There are certain spaces everyone has encountered which seem special. Some would view these as just beautiful places, others are spiritual places. I think of them as being sacred spaces.
There's a church near where I live which, as you drive to it, doesn't seem like anything special. But get to the top of the hill and...there's something about that place that no-one I knew who has been there can put their finger on, but they all acknowledge it. The current church building is around 150 years old, but there's been a church there for over 1000 years. There's also a well nearby, so this may have been a sacred site long before Christ. It made sense that when Christianity came to this area, that the ancient sacred sites became Christian sites of worship.

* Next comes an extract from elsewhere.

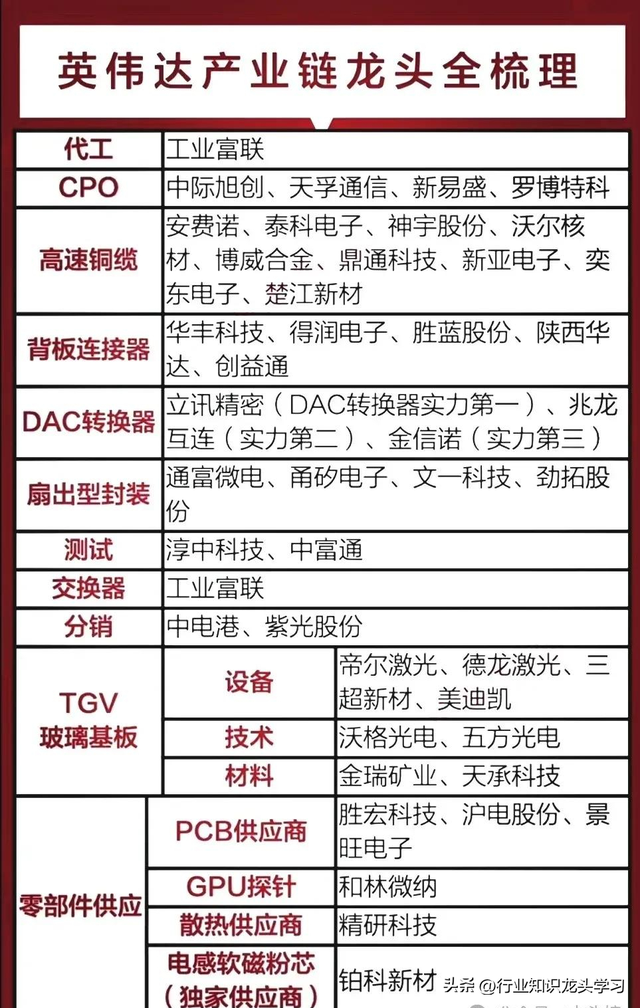 值得珍藏：医药生物+先进封装+英伟达产业链+科技赛道十大主线等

I've been pondering recently if the church needs to start thinking about how to create sacred spaces for the 21st century. It's not that I think church buildings are the only way to create a sacred space, but I do think a church building should have an atmosphere, for want of a better phrase. I have worshipped in very modern churches, where the minute I've walked in I could feel there was something special about that place. I have worshipped in churches which are over 100 years old where there was about as much atmosphere as a wet tent in October.
I don't know what the answer to this is, but feel it's important for those with little or no connection to church that, if and when they experience church, they feel something speaking to them. One thing I know, it begins with God, but I suspect how people view the place and how a community worships in the space has an impact on this.
The ancient Celts said that heaven and earth are only three feet apart, and, they said, that distance is even smaller in the thin places, the sacred places where heaven comes close to touching earth.